Connector Corner: Accelerate revenue generation using UiPath API-centric busi...
DianaGray10
Automating Google Workspace (GWS) & more with Apps Script
Automating Google Workspace (GWS) & more with Apps Script
wesley chun
Navi Mumbai Call Girls 🥰 8617370543 Service Offer VIP Hot Model
Navi Mumbai Call Girls 🥰 8617370543 Service Offer VIP Hot Model
Deepika Singh
Apidays New York 2024 - Accelerating FinTech Innovation by Vasa Krishnan, Fin...

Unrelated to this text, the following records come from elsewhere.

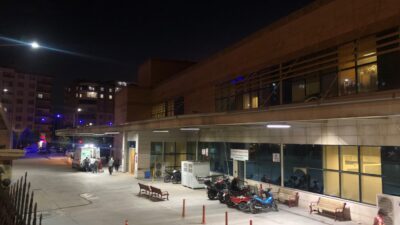 Siirt’te açık havada yapılan bir düğün esnasında havaya ateş açılması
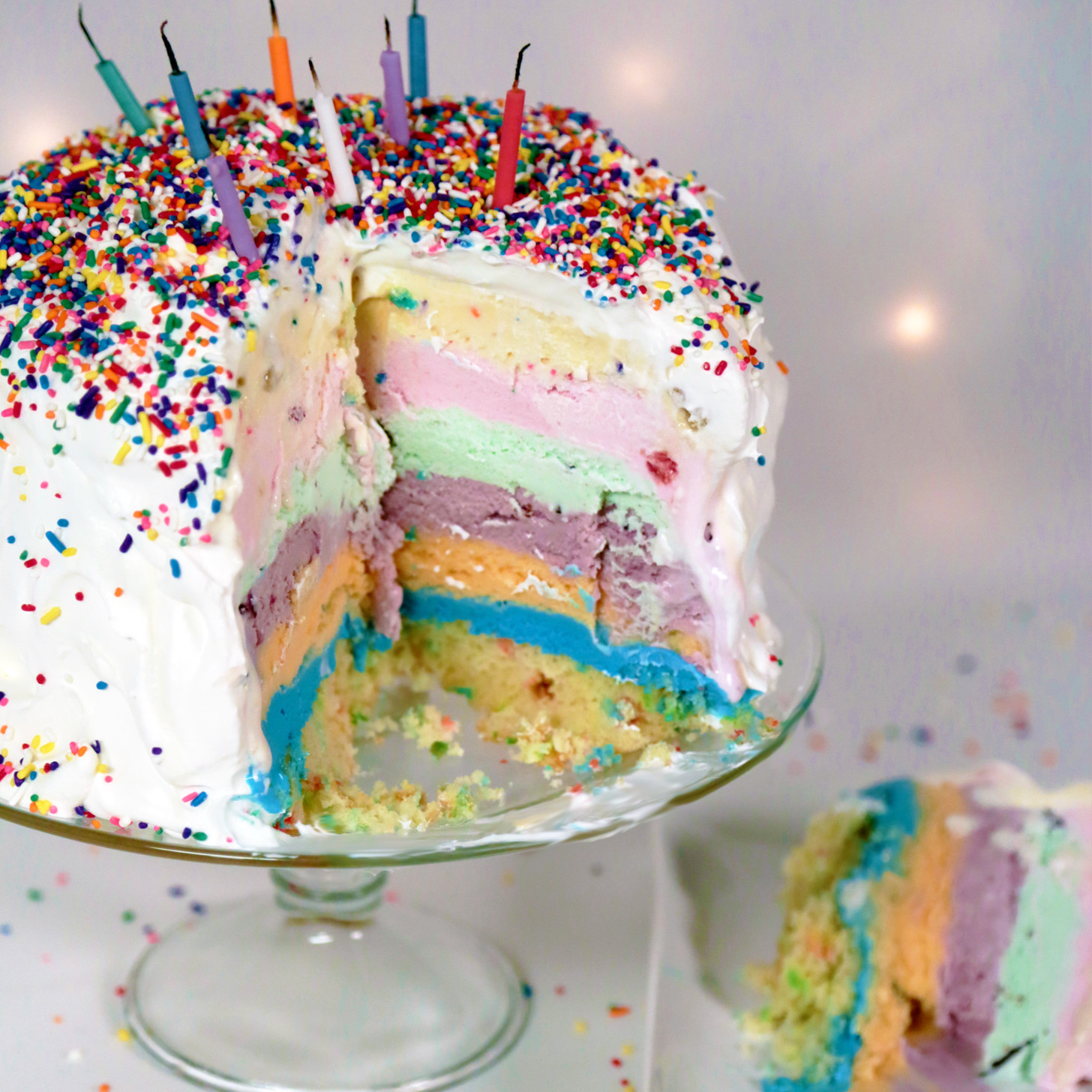 Ice Cream Birthday Cake
 Birthday Ice Cream Cake Recipe Video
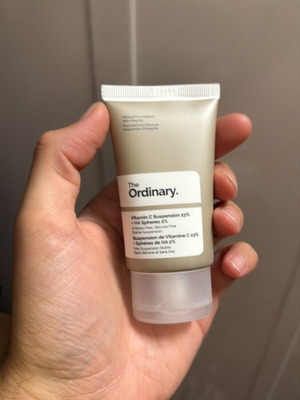 The Ordinary Vitamin C Suspension HA Spheres water free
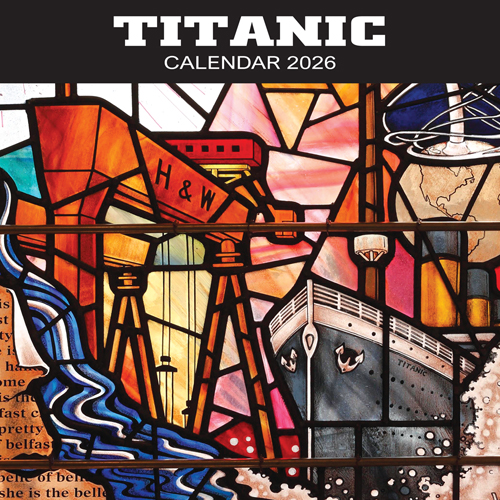 2026 Calendar Titanic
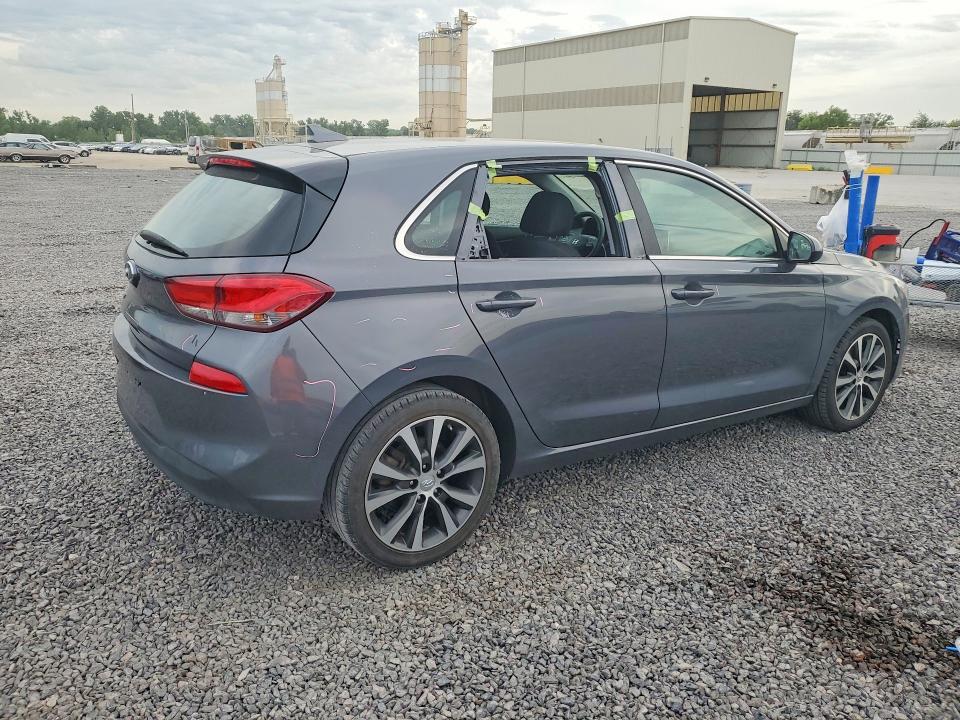 2018 Hyundai Elantra Gt მანქანა იყიდება აუქციონზე, vin: KMHH35LEXJU077351, აუქციონის ნომერი: 65216556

Apidays New York 2024 - Accelerating FinTech Innovation by Vasa Krishnan, Fin...
apidays
Kürzlich hochgeladen
(20)
EMPOWERMENT TECHNOLOGY GRADE 11 QUARTER 2 REVIEWER
EMPOWERMENT TECHNOLOGY GRADE 11 QUARTER 2 REVIEWER
Apidays New York 2024 - Scaling API-first by Ian Reasor and Radu Cotescu, Adobe
Apidays New York 2024 - Scaling API-first by Ian Reasor and Radu Cotescu, Adobe
Architecting Cloud Native Applications
Architecting Cloud Native Applications
AWS Community Day CPH - Three problems of Terraform
AWS Community Day CPH - Three problems of Terraform
2024: Domino Containers - The Next Step. News from the Domino Container commu...
2024: Domino Containers - The Next Step. News from the Domino Container commu...
Artificial Intelligence Chap.5 : Uncertainty
Artificial Intelligence Chap.5 : Uncertainty
GenAI Risks & Security Meetup 01052024.pdf
GenAI Risks & Security Meetup 01052024.pdf
Strategize a Smooth Tenant-to-tenant Migration and Copilot Takeoff
Strategize a Smooth Tenant-to-tenant Migration and Copilot Takeoff
Apidays New York 2024 - The Good, the Bad and the Governed by David O'Neill, ...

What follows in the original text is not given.